Data segment.
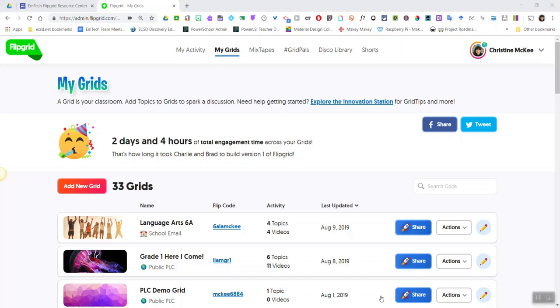You can turn any student video response into an augmented reality experience by simply downloading and printing off the Flipgrid AR or QR codes and sticking them onto student work or final products around the classroom.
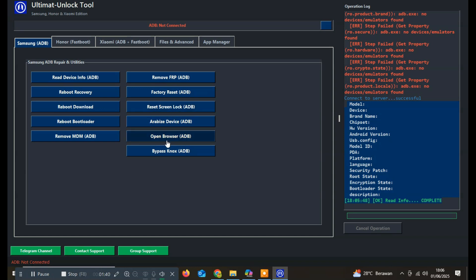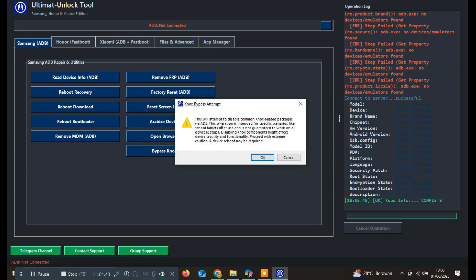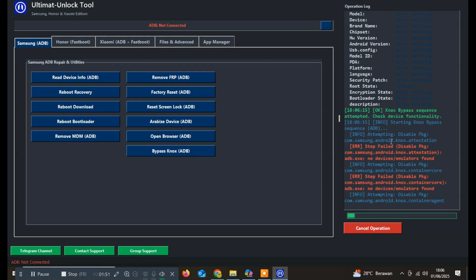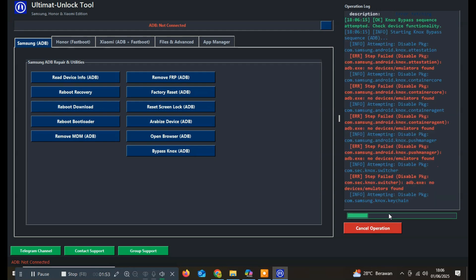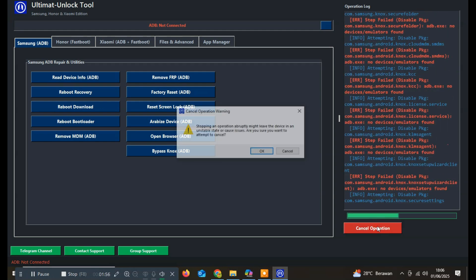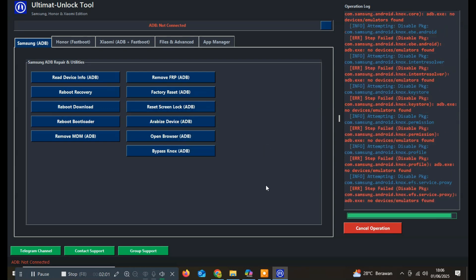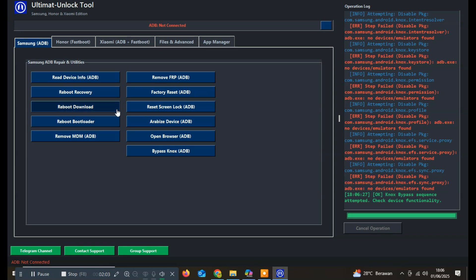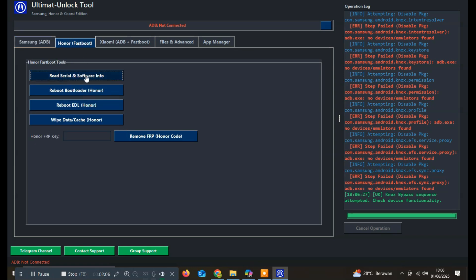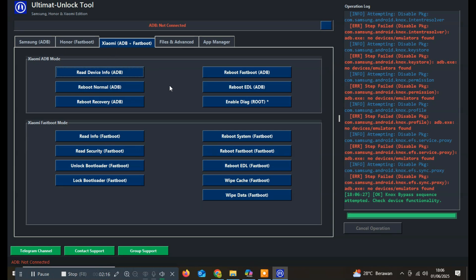The Samsung menu offers useful functions such as reading device data via ADB mode, rebooting into recovery, download, or bootloader modes, and performing operations like removing MDM locks, bypassing FRP, factory resets, and screen lock resets. There's also an option to open the device browser, which can be very helpful for bypassing FRP and Knox protections. This comprehensive set of features makes the Samsung section a versatile and essential part of the tool, helping technicians tackle a wide range of common repair and unlocking challenges with ease.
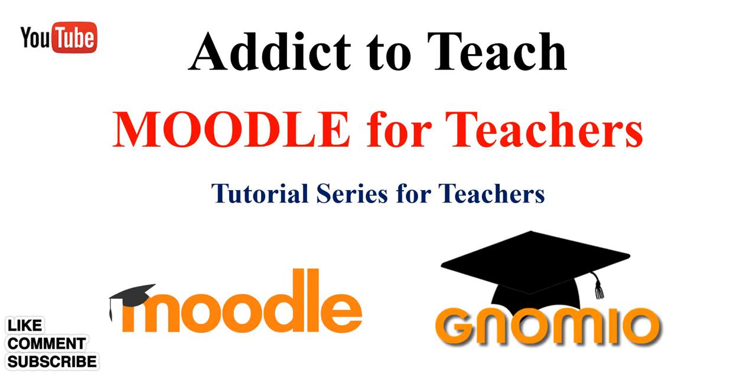Hello everyone, myself Deepak Bambere, and from today we are going to study Moodle. This tutorial is for teachers. Let us start with Moodle. As we know, it is a learning management system that helps teachers and students facilitate a good learning platform and environment.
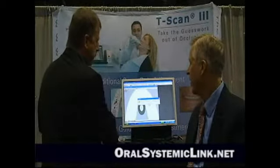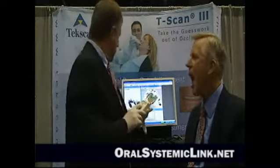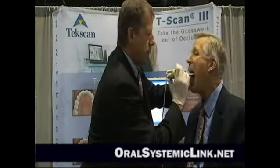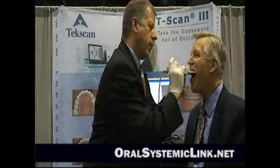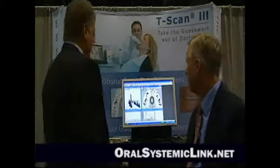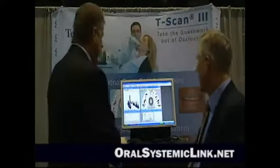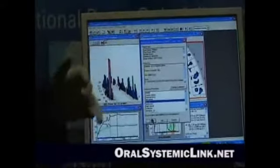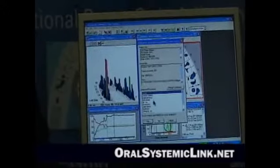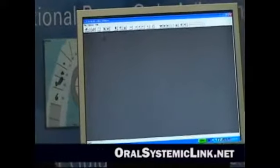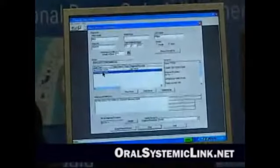Now we'll also do a recording of the excursion. Bite down and hold it. Slide right. That's all there is to it — not a problem at all. We can have you do more if we need to. First I'm going to save the data. The first one I'm labeling as a habitual bite. The second one was a right lateral, so I'll just hit right lateral — that makes it easier to find in our software.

Task directions.
A word-for-word repeat of the lines from the line with "The Samsung menu" to the last line of the data, both ends included and pictures left out, is all that should appear.

Exercise result.
The Samsung menu offers useful functions such as reading device data via ADB mode, rebooting into recovery, download, or bootloader modes, and performing operations like removing MDM locks, bypassing FRP, factory resets, and screen lock resets. There's also an option to open the device browser, which can be very helpful for bypassing FRP and Knox protections. This comprehensive set of features makes the Samsung section a versatile and essential part of the tool, helping technicians tackle a wide range of common repair and unlocking challenges with ease.
Hello everyone, myself Deepak Bambere, and from today we are going to study Moodle. This tutorial is for teachers. Let us start with Moodle. As we know, it is a learning management system that helps teachers and students facilitate a good learning platform and environment.
Now we'll also do a recording of the excursion. Bite down and hold it. Slide right. That's all there is to it — not a problem at all. We can have you do more if we need to. First I'm going to save the data. The first one I'm labeling as a habitual bite. The second one was a right lateral, so I'll just hit right lateral — that makes it easier to find in our software.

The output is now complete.